The American flag has been a popular artistic subject since Jasper Johns created his iconic painting “Flag” (1954–55). Two artists at Armory Arts Week 2012 have tackled this powerful national symbol in very distinct ways.
Scroll down for images of American flag art created by these US-based artists.
Cocaine and oil
If you look closely at Rob Servo‘s “Old Glory 2011” you’ll notice that the stripes on this US flag are actually bags of (fake) cocaine; the bottom of the flag drips with dense black paint. The piece is about America’s addiction to drugs and oil, Servo explained at his Fountain Art Fair booth.
A nearby piece by Servo depicts American flags made of wood and old analog film, and riddled with buckshot and birdshot bullet holes from Servo’s own guns. This work comments on America’s other addiction– to guns.
Based “in the country” (where one presumes his gun shooting doesn’t raise many eyebrows), Servo amiably chatted about his work on Friday as he drew a logo for his booth. This is his sixth year at the Fountain Art Fair.
Hero or Hostage
American artist Jeremy Dean‘s recent work deconstructs and “re-contextualizes” the US flag because it is a symbol of power and wealth. His past projects have included converting a Hummer H2 into an old-fashioned stage coach.
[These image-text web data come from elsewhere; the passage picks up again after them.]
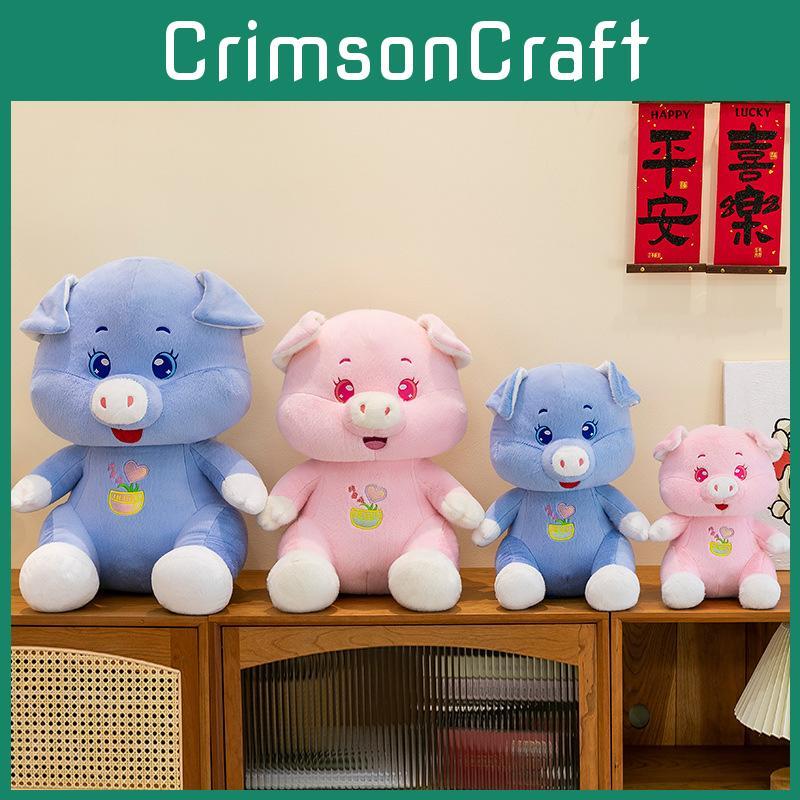Flower Pig Pot Plush Toy Cartoon Stuffed Doll Room Sofa Decoration Kids Gift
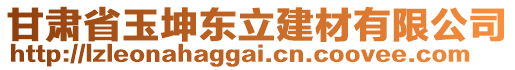 甘肅省玉坤東立建材有限公司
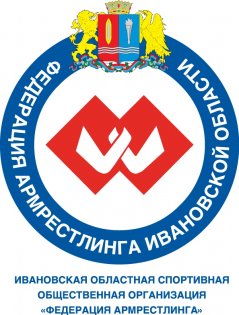 Логотип организации Ивановская ОСОО "Федерация Армрестлинга"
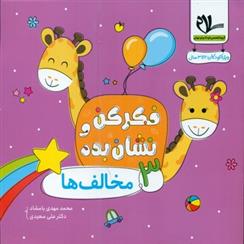 فکر کن و نشان بده 3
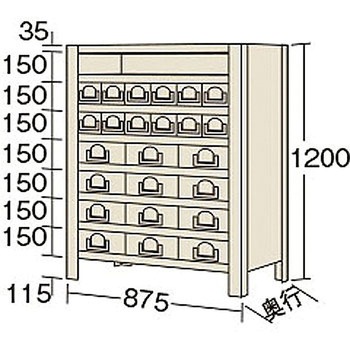 物品棚KW型 サカエ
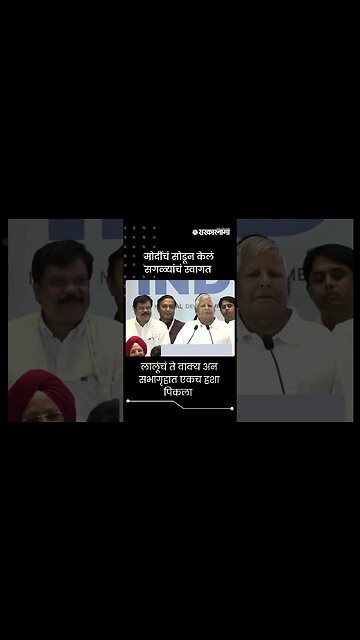 बघा नेमकं काय घडलं ? | Lalu Prasad Yadav On PM Narendra Modi |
Seemingly ripped from the plot of the TV show Homeland, two American flags at the Volta show bear the words “hero” and “hostage.” These are not paintings but are actual American flags that have been taken apart string by string and refashioned.
In “Hero/Hostage” (2012), Dean took the string from one American flag and created two new flags by placing strings horizontally in one and vertically in the other. According to the Cynthia Corbett Gallery that represents Dean, this process is significant:
Dean feels that the extreme polarization our society is currently experiencing: socially, economically, and politically is literally rending the fabric of America, so this work is a physical representation of the state of the Union, that once polarized as opposites can never fully reintegrate.
Dean overlays his reconstructed flags on prints of polarizing imagery, like this 1940’s-era pinup riding a bomb.